Add quote for pyspark dataframe column with regular expressions


I have below column within dataframe

tuff,1,2,3,bp123,5,6,7,jatin gupta ,ext,20021988

I require to use regular expression within pyspark to add double quote after 8 comma ( if double quote not present already) and add ending double quote before digits 20021988

Expected output:

tuff,1,2,3,bp123,5,6,7,"jatin gupta ,ext",20021988

I have tried with below pattern but doesnt work

data = [("TUFF,2,3,BP4,5,6,7,JATIN GUPTA, EXT, 20021988",)]
columns = ["input_string"]

# Create DataFrame
df = spark.createDataFrame(data, columns)
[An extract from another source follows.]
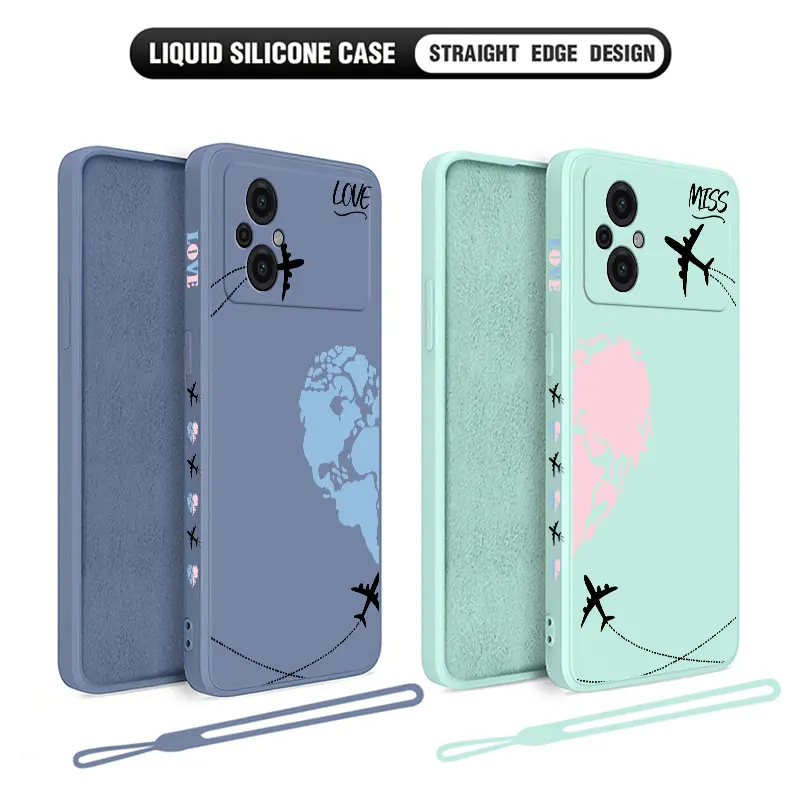 Love Airplane Couple Phone Case For Xiaomi Poco M5 X5 F5 F4 X4 M4 F3 X3 M3 F2 X2 Pro C40 4G 5G GT Liquid Silicone Cover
# Use regular expression to add quotes after the 7th comma and before the 8 digits
df = df.withColumn("output_string", regexp_replace(col("input_string"), r"((?:[^,]*,){7})([^,]*,[^,]*),([^,]*)", r'\1"\2", \3'))

Solution

  • This will do the trick:

    import pyspark.sql.functions as F
    df.withColumn(
        "res", 
        F.regexp_replace(
            F.col("input_string"),
            r"(([^,]*,){7})(.*),([^,]*)",
            r"$1\"$3\",$4",
        )
    )
    

    result:

    +---------------------------------------------+-----------------------------------------------+
    |input_string                                 |res                                            |
    +---------------------------------------------+-----------------------------------------------+
    |TUFF,2,3,BP4,5,6,7,JATIN GUPTA, EXT, 20021988|TUFF,2,3,BP4,5,6,7,"JATIN GUPTA, EXT", 20021988|
    +---------------------------------------------+-----------------------------------------------+
    

    Few notes:

    1. Group reference in spark is achieved through dollar sign, not slash (I can think of several systems where it's similar - worth generalizing, that it's not always slash)
    2. You have pretty complex definition, containing complete cell - I'd avoid lookahead and lookback regex operators - just define complete cell in groups, then work on individual groups.
    3. Utilize fact that regex is greedy on default - i.e. group to be included within quotes can be treated as whatever terminated with single comma, and whatever except comma.